Scrooge, following his emotional conversion, resolves to put together a fantastic Christmas feast and enlists help from both the show’s ensemble and the audience. Laundry sheets are stretched from the balconies to the stage in order to shoot down potatoes, apples, oranges, sprouts and even a turkey.

And the food items do not even stop there. During a pre-show sequence, as musicians fiddle away onstage, top hat-wearing and basket-carrying cast members mingle with audience members and hand out complimentary clementines and boxes of chocolate chip cookies.

Although it is never too hard to find a production of “A Christmas Carol” each holiday season, it has been absent from Broadway since 2001, when Patrick Stewart last performed his one-man adaptation. A musical adaptation that played the Theater at Madison Square Garden for 10 years has also gone unseen since 2003.

The new “A Christmas Carol” comes to Broadway following runs at London’s Old Vic and stars stage and screen actor Campbell Scott (“The Sheltering Sky,” “Royal Pains”) as the miserly Scrooge. The production is infused with handsome and festive flair by director Matthew Warchus (“God of Carnage,” “Matilda”), including carolers, handbells, live musical underscoring, dancing and flickering lamps situated throughout the theater.

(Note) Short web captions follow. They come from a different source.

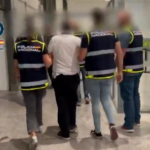 The suspect accused of trafficking 'blood diamonds' is detained in Malaga Airport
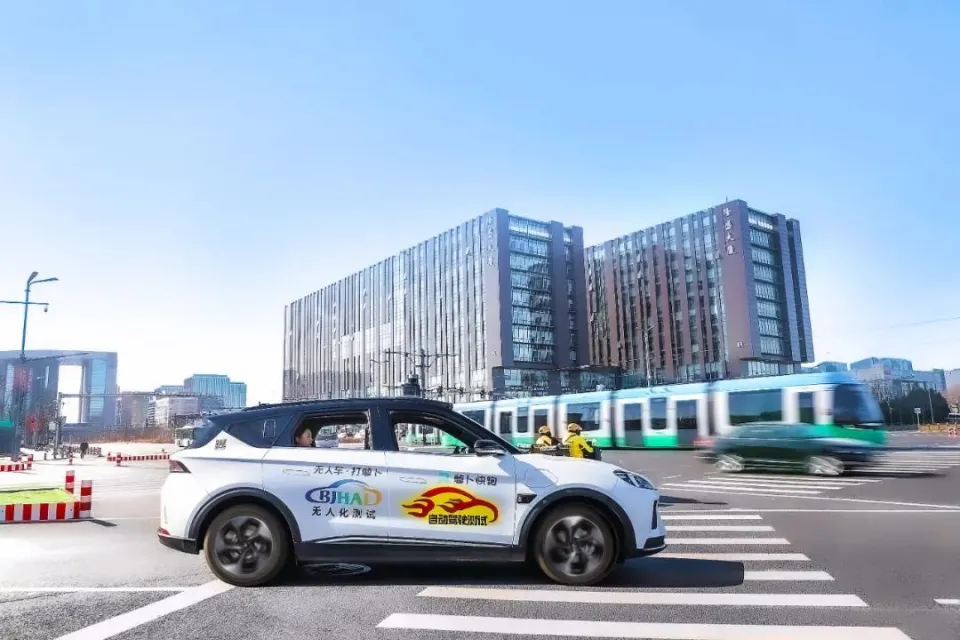 特斯拉2025年在中国和欧洲推出完全自动驾驶技术，Robotaxi发布会引发关注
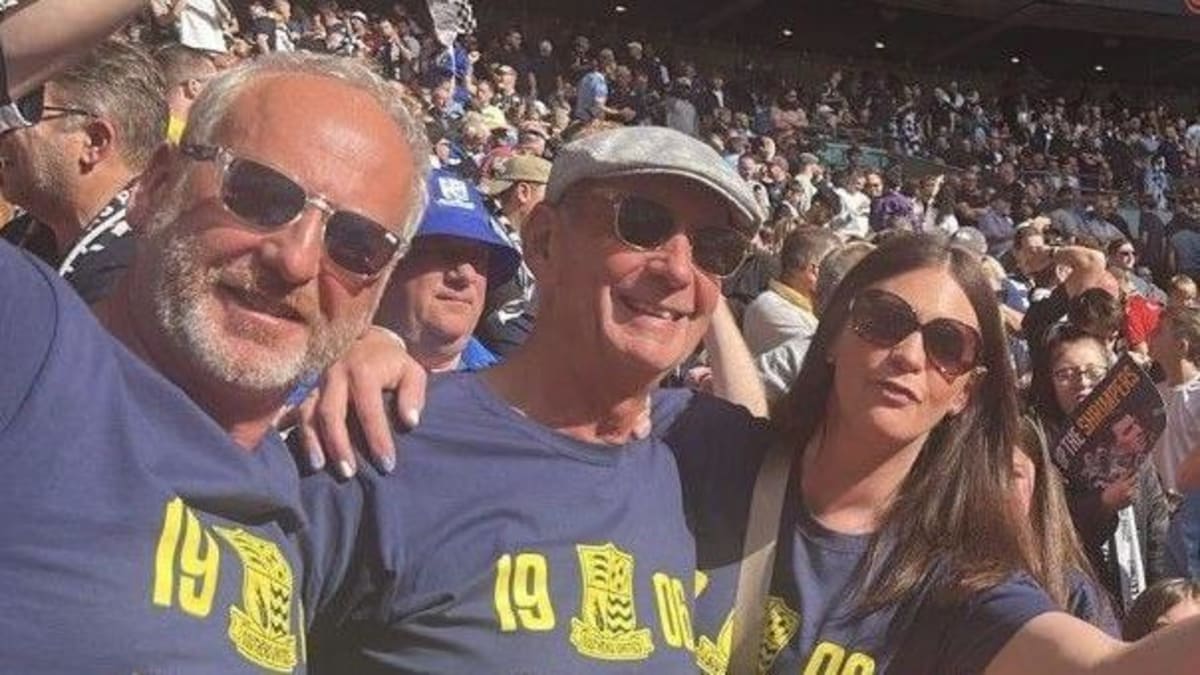Julian Wantling and family members smiling together at pub before Southend United final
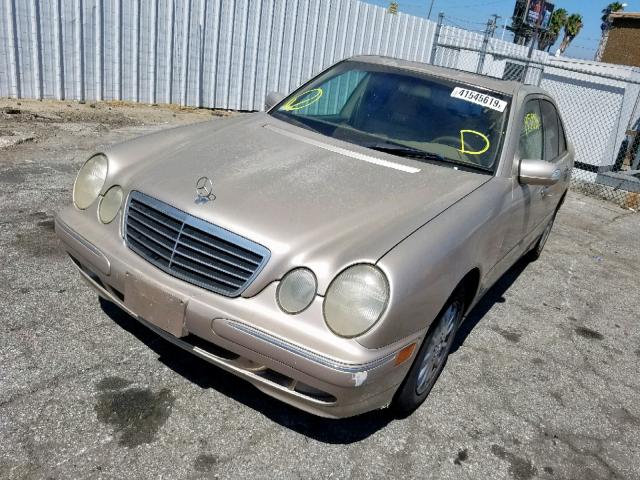 WDBJF65J71B294122 - 2001 MERCEDES-BENZ E 320 GOLD photo 2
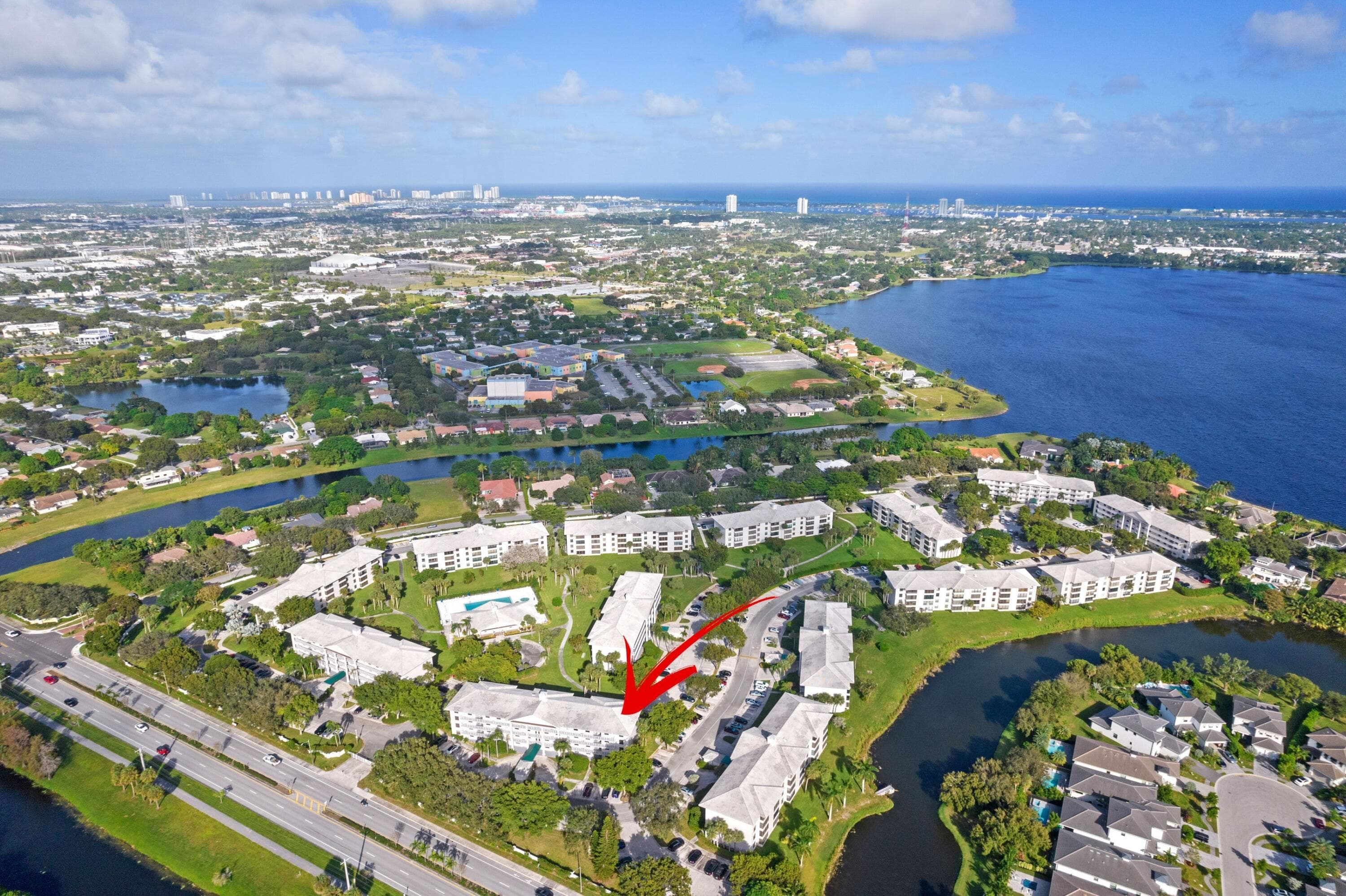3650 Whitehall Drive 202, West Palm Beach, FL 33401 — photo 8 of 36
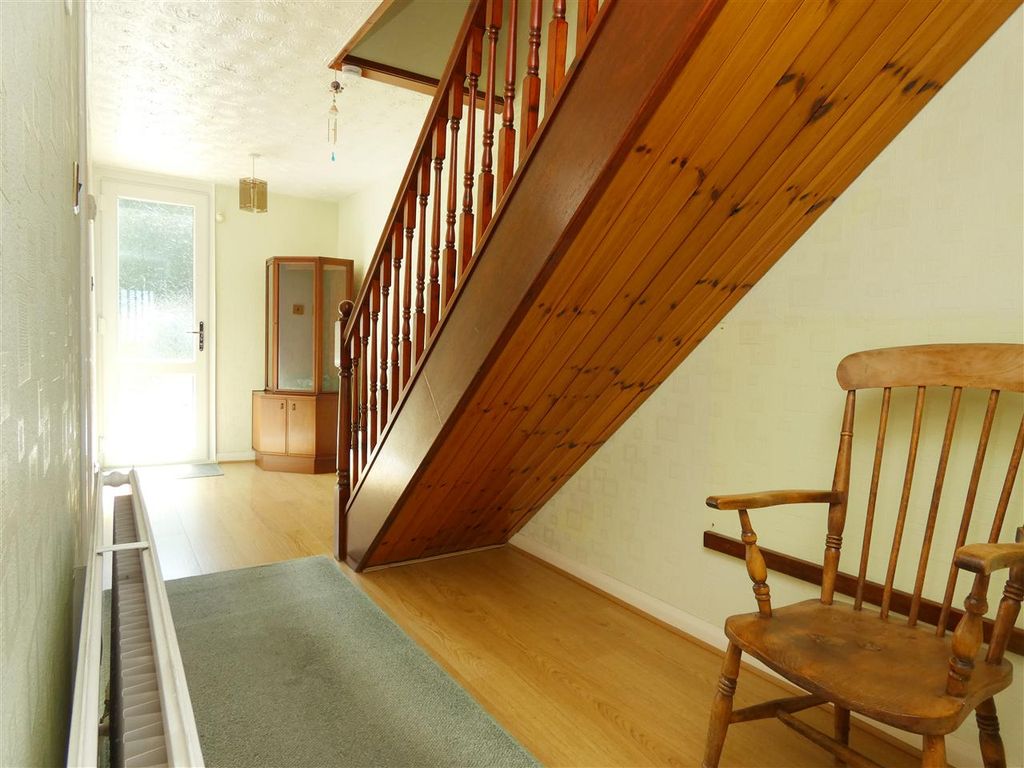 Property photo 3 of 17 Entrance Hall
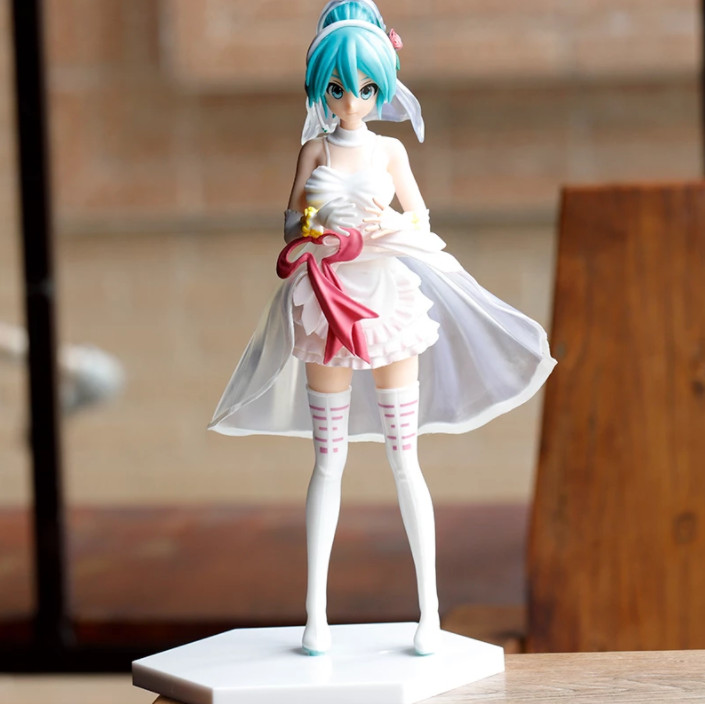 Mô Hình Hatsune Miku White Dress - Cao 26cm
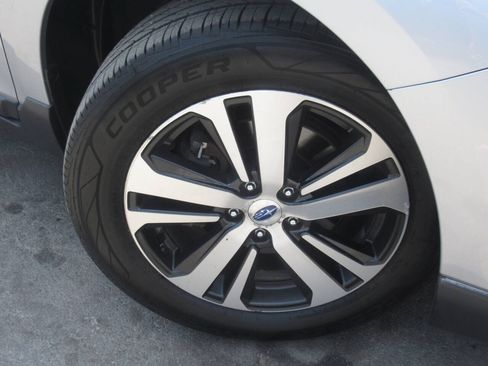 Used 2019 Subaru Outback 2.5i Limited AWD/4WD image 4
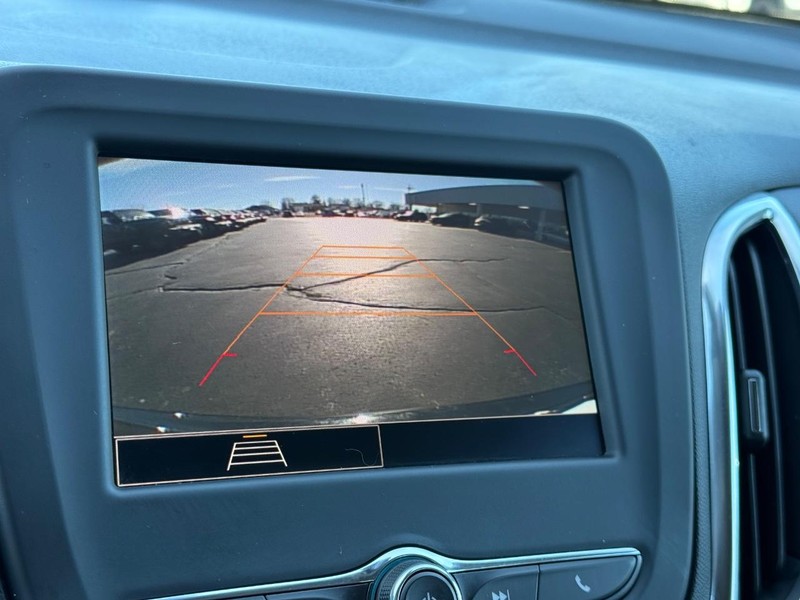 Chevrolet Equinox Vehicle Full-screen Gallery Image 21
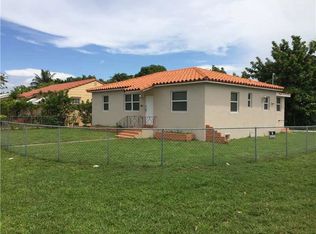 305 NW 102nd St, Miami, FL 33150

‘A Christmas Carol,’ stars Campbell Scott, Andrea Martin and LaChanze. (Photo by Joan Marcus)

Unlike most stage versions of “A Christmas Carol,” which slavishly copy lines from the original Charles Dickens text, playwright Jack Thorne (“Harry Potter and the Cursed Child”) has made a genuine effort to expand upon the familiar story, including new post-transformation scenes between Scrooge and Tiny Tim and his former fiancée. Thorne also delves deeper into Scrooge’s relationships with his father and deceased sister.

Unfortunately, Thorne’s additions tend to feel more time-consuming than enlightening. It is also strange that the production, which begins rather swiftly, felt the need to incorporate an intermission after Scrooge had already been visited by the Ghosts by Christmas Past (Andrea Martin) and Present (LaChanze), leaving a rather anti-climactic second half.

Scott’s take on Scrooge is straightforward and traditional in nature, marked by combative barking and then bright-eyed cheeriness. As expected, Martin and LaChanze each add a playful touch and hearty attitude. Surprisingly, the most significant casting involves the small part of Tiny Tim, which is played at alternating performances by Sebastian Ortiz and Jai Ram Srinivasan, who each have cerebral palsy in real life.

The show’s producers may want to rethink the obligatory snowfall effect at the very end. Instead of bits of paper, they use a wet soapy substance that pours onto audience members like an unexpected shower. It certainly rained on my Christmas spirit.

2.5 stars

“A Christmas Carol” runs at the Lyceum Theatre through Jan. 5. 149 W. 45th St., achristmascarolbroadway.com.